The black firemen of NYC who perished in the September 11, 2001 World Trade Center disaster
Vernon P. Cherry
Andre G. Fletcher
Keith A. Glascoe
Ronnie Lee Henderson
William L. Henry Jr.
Karl Henri Joseph
Keithroy Marcellus Maynard
Shawn Edward Powell
Memorial garden web page -
Purpose: Gardener and retired social worker Herbert Tibbs spoke about the development of the garden, "First Quincy Street garden was first registered as a GreenThumb garden in 1981. We have first, second, and even third generation—little babies and toddlers—that have been on the block for many years.
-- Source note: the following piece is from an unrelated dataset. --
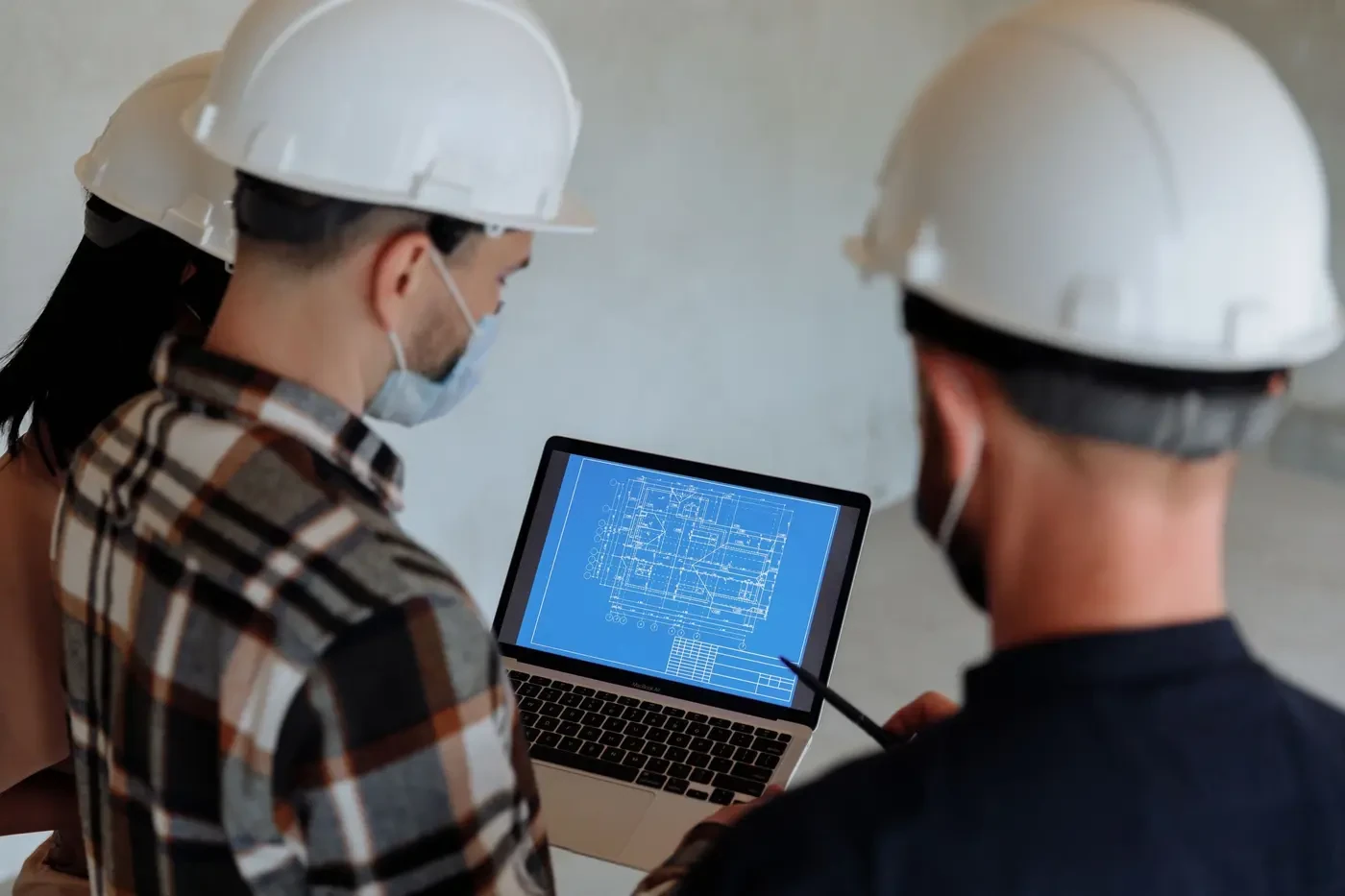 Engineering team examining digital plans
The neighborhood was in transition at the time, but we still have a number of seniors. It was mostly one and two-family homes, but during this building boom, every little vacant space is now becoming concrete and metal and steel, and that was one of the things that really bothered me. Because I think, in urban communities, there is a great deal of congestion. People do not have open space. They don’t have the necessary greenery that they need for the purposes of oxygen. Urban planners, builders and politicians should actually develop communities in such a way that parks and gardens become ventilators for the community, because that’s the only way that we’re going to reduce a lot of the environmental diseases like asthma. Plus, I mean, it’s just comforting to go sit in an open space."
Reason site was selected: Green Guerillas is including this garden in its Trees for Life and Unity project because of the September 11 memorial, event, and dedication that were already been held in the garden. Also, the gardeners are interested in planting more trees in this large garden site, either to serve the community, or to honor other memories, as well as to 9/11.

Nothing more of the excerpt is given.